#### Your instructions
Please transcribe the listing below in full, exactly as written, leaving out its pictures.

#### Information provided

::::::::

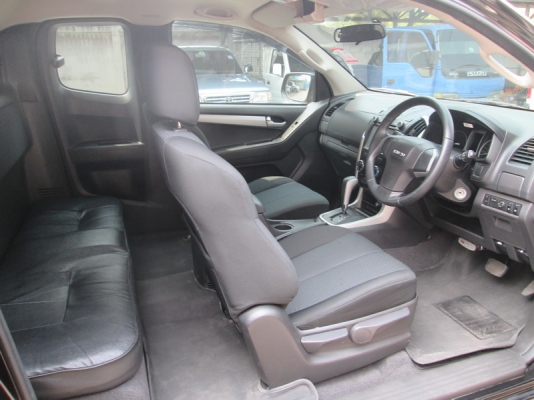 ขาย Isuzu D-max 2.5Z VGS Hi-lander Cab AT ปี13.
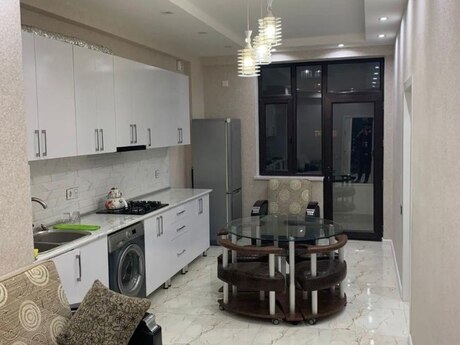 4 otaq · 80 m² · 11/17 mərtəbə, Nəsimi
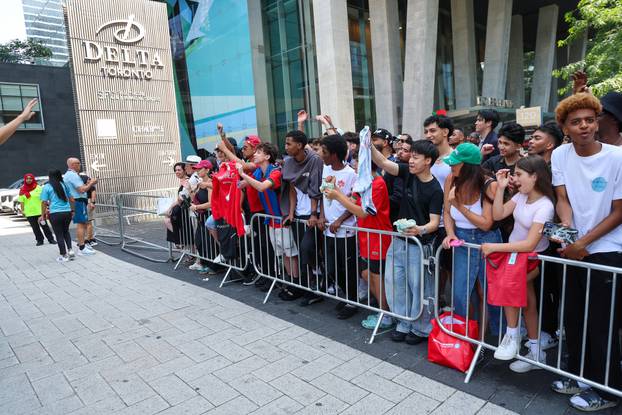 SP 2026 Toronto: Ispred Hotela Delta zajedničko fotografiranje odradili su hrvatski i portugalski navijači
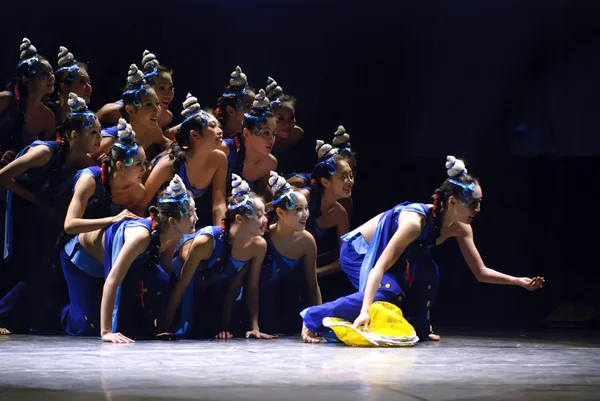 Chinese national dancers — Stock Photo, Image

::::::::

#### Written response
 ขาย Isuzu D-max 2.5Z VGS Hi-lander Cab AT ปี13.
 4 otaq · 80 m² · 11/17 mərtəbə, Nəsimi
 SP 2026 Toronto: Ispred Hotela Delta zajedničko fotografiranje odradili su hrvatski i portugalski navijači
 Chinese national dancers — Stock Photo, Image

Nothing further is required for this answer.